Internationally acclaimed Academy Award winning actress, Hayley Mills has touched her magic-wand to a new book by an Australian novelist, stating: “You’ll fall in love with every single character“.
This latest book by the reclusive Welsh-Australian utilises many true and astonishing stories which the author researched during his years as one of Australia’s most experienced authors and historians.
When Cactus Bob, who had once miraculously survived a crocodile death-roll, begins receiving colour-coded messages on his ‘factory-reject’, 1950s, black-and-white television, he has to decide if they have somehow been placed there by the wily old Chinese trader who had sold him the clapped-out TV, or if they really are super-urgent warnings from outer-space.
What happens next is a hilariously heart-pounding story.
‘“I wanted to make this a non-violent, feel-good story so it was important for me to be able to create characters to whom readers could relate,“ Tony said.

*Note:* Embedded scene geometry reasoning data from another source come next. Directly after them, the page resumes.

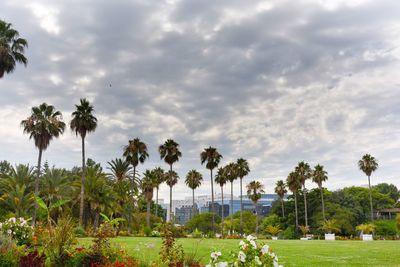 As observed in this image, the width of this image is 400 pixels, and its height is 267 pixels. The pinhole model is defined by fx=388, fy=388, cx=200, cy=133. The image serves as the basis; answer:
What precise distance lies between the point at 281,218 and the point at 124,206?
40.2 meters

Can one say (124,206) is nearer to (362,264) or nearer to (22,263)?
(362,264)

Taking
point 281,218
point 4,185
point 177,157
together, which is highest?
point 177,157

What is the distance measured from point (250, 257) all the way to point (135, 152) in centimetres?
5593

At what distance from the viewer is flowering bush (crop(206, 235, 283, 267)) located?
679cm

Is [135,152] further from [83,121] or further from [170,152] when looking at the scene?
[83,121]

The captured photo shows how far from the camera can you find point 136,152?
6194 cm

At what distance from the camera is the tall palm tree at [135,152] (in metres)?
61.8

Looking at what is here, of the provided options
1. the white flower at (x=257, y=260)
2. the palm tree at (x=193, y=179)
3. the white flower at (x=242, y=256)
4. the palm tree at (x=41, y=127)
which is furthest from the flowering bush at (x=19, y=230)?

“There are characters from a wide range of backgrounds including an irascible café proprietor who has managed somehow to mislay his wife for 13 years; a former circus strongman from Turkey who is 99 years of age and who actually eats dynamite; a wealthy businessman whose great-grandfather, a Zulu warrior, had fought the British Redcoats at Rorke’s Drift; a Scottish boat-builder named Jimmy who is constructing a ‘monument to the stars’; a beautiful blond woman who had worked for the Norwegian Resistance during the Second World War, and even a Mombasa belly-dancer who is also a white witch.“
Tony’s inspiration for Café Puccini came from a series of interviews he recorded many years ago while writing and directing a television documentary film titled: Images and Reflections which was about Italian migrants to Australia.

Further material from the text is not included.